Marketing and political campaigns use less psychological influence than widely assumed
Many presume that advertising and political campaigns meddle into psychological research to influence and control unconscious behaviors, but new research released by the Queen Mary University of London found people are still in control of their own choices, regardless of age, gender, ethnicity, educational attainment or socioeconomic status. The results appeared in Consciousness and Cognition.
For the study, the team of researchers conducted three experiments. The first involved 399 participants who volunteered ways of which research on the unconscious impacted or influenced their behaviors.
“We know little about the commonality of folk beliefs around applications of psychological research on the unconscious control of behaviours,” according to Magda Osman, the study’s lead author.
“To address this, in Experiment 1 participants volunteered examples of where research on the unconscious has been applied to influence their behaviours. A subset of these were presented in Experiment 2, and Experiment 3.”
The participants were instructed to rate the significance of the behavior that influenced them. Examples given to the participants were mostly associated with marketing, advertising and politics. The participants resided in either the US, UK, Canada or Australia.
“Participants rated the extent to which the behaviour being influenced in these contexts was: (1) via the unconscious, (2) free, (3) the result of prior conscious intentions, (4) under conscious control,” the findings state.

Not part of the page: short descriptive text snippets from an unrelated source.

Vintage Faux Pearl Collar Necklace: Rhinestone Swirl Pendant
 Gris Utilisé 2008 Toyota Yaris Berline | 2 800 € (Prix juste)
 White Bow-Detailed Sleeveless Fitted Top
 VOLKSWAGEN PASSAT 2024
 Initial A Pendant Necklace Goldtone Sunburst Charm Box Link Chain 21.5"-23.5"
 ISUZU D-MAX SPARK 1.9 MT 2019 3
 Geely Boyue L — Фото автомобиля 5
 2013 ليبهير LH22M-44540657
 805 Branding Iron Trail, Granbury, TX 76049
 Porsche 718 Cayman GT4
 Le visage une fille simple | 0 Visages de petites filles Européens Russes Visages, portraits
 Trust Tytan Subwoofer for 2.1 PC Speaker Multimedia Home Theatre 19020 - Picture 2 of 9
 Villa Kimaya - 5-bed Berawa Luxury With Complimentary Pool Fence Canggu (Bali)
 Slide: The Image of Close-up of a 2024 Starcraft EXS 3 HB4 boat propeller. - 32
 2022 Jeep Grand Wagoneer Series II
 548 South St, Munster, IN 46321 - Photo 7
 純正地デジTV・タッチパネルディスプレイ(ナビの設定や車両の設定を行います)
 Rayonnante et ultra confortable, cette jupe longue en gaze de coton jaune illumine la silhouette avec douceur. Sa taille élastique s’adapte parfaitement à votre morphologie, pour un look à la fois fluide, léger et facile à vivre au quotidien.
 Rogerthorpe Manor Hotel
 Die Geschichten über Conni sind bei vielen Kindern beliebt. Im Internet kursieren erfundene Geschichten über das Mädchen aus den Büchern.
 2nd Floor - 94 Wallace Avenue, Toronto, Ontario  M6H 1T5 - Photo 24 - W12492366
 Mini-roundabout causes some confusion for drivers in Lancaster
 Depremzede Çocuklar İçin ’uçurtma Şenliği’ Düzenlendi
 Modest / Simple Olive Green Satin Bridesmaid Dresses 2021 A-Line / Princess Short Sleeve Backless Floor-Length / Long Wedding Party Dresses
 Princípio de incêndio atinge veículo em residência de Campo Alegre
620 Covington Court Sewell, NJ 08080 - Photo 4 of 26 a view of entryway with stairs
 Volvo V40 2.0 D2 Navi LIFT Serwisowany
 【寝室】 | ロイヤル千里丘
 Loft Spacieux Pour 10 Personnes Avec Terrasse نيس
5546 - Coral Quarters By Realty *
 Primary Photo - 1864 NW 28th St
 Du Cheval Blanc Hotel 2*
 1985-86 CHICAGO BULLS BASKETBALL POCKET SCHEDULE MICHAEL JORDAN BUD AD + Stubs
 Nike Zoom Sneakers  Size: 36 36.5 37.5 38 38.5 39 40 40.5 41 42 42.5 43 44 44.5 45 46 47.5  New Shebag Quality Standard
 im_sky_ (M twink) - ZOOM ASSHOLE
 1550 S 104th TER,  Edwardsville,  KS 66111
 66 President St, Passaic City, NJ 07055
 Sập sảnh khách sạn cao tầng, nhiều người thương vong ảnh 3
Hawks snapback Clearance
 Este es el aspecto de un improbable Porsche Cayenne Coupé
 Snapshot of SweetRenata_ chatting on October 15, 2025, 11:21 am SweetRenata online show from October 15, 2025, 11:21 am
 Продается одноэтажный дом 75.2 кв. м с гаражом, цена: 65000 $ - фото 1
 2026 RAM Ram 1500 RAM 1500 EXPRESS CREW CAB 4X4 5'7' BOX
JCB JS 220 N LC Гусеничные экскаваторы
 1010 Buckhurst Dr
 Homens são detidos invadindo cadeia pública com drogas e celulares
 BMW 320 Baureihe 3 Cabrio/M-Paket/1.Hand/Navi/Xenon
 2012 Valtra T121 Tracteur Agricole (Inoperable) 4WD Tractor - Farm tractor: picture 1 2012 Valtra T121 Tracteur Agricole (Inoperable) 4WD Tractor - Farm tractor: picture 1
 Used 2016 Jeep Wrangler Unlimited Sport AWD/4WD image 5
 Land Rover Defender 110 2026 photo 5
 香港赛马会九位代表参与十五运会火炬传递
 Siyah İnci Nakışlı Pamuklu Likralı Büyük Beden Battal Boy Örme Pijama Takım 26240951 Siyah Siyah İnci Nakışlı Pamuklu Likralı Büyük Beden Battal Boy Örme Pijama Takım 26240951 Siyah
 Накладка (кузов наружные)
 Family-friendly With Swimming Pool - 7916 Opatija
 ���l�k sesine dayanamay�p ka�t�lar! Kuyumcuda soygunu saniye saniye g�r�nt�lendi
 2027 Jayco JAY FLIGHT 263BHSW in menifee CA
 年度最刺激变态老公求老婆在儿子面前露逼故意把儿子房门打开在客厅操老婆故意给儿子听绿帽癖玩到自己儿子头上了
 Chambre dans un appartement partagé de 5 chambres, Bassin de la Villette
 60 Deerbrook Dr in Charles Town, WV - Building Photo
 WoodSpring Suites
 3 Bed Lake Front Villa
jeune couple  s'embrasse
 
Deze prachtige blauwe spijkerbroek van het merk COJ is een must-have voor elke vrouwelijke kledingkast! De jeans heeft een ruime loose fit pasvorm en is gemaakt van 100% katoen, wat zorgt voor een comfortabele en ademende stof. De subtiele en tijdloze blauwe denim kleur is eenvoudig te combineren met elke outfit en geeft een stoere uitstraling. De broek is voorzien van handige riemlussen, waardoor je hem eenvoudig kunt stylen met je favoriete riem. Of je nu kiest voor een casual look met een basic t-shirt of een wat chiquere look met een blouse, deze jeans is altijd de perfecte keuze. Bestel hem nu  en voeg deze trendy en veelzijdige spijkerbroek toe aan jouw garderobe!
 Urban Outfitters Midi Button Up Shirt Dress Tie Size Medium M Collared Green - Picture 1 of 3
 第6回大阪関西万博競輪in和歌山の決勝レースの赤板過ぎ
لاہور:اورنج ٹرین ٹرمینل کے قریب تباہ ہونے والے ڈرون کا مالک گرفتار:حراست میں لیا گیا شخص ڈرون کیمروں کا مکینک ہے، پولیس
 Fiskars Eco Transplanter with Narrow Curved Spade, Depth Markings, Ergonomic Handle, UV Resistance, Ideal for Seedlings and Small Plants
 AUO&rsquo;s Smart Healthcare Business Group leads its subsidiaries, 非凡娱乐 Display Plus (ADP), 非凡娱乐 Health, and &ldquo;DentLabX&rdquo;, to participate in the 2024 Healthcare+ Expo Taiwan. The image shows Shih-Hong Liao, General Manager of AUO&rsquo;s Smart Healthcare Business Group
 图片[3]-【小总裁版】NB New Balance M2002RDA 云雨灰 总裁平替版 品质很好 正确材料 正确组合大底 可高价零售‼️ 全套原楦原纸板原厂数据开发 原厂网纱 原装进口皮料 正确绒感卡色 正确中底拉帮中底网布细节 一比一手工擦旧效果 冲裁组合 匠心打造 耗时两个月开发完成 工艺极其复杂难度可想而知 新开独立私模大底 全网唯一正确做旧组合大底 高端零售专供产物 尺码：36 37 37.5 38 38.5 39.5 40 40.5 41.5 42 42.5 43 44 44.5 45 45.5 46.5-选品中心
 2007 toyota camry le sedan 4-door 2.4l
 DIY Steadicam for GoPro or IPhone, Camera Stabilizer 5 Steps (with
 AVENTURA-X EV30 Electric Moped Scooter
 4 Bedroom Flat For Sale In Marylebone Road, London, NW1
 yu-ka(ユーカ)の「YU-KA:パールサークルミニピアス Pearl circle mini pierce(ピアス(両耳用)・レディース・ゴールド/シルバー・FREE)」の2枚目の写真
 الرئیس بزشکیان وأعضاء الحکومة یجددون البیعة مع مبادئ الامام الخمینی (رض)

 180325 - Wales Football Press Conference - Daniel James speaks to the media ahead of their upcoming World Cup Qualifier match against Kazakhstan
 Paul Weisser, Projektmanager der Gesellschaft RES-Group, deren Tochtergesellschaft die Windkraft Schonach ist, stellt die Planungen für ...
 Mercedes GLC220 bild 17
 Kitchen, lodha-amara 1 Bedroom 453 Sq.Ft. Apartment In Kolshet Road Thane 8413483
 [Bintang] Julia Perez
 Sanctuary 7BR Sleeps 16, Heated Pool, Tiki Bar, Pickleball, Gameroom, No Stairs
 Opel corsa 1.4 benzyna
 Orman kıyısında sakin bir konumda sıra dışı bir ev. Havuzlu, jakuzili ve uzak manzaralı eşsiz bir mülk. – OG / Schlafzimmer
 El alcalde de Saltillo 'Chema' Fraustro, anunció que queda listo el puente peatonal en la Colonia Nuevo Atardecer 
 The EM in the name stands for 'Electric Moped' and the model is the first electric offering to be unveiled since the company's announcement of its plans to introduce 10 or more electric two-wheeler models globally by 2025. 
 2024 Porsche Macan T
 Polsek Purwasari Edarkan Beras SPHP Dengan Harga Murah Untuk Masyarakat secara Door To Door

“Relative to judgements about the extent to which behaviour was influenced via the unconscious, the remaining judgements regarding conscious control of behaviours were either higher (e.g., political contexts) or lower (e.g., therapy).”
The study found that subliminal advertising is regarded as a widely believed phenomenon, despite many experts refuting its effectiveness for influencing consumer behaviors.
“This study reveals two critical things, the first is that in peoples’ minds subliminal advertising still exists as a phenomenon, when really this is just a myth as psychological research over the last 60 years has shown that it cannot actually influence our consumer behaviours,” Osman explained.
“Although people across the different countries and individual backgrounds consistently volunteered the same kinds of examples, such as advertising and political campaigning, when assessing them, they still felt the choices they made in these contexts were under their own conscious control,” she added.
“This is important as we often see reports in the media on complex campaign tactics, particularly in politics, persuading people to make choices that they are unaware of, but our research suggests that people don’t believe they actually work.”
“This study is the first to show, using ecologically valid examples, the folk beliefs people share on psychological constructs concerning free will and determinism,” Osman concluded.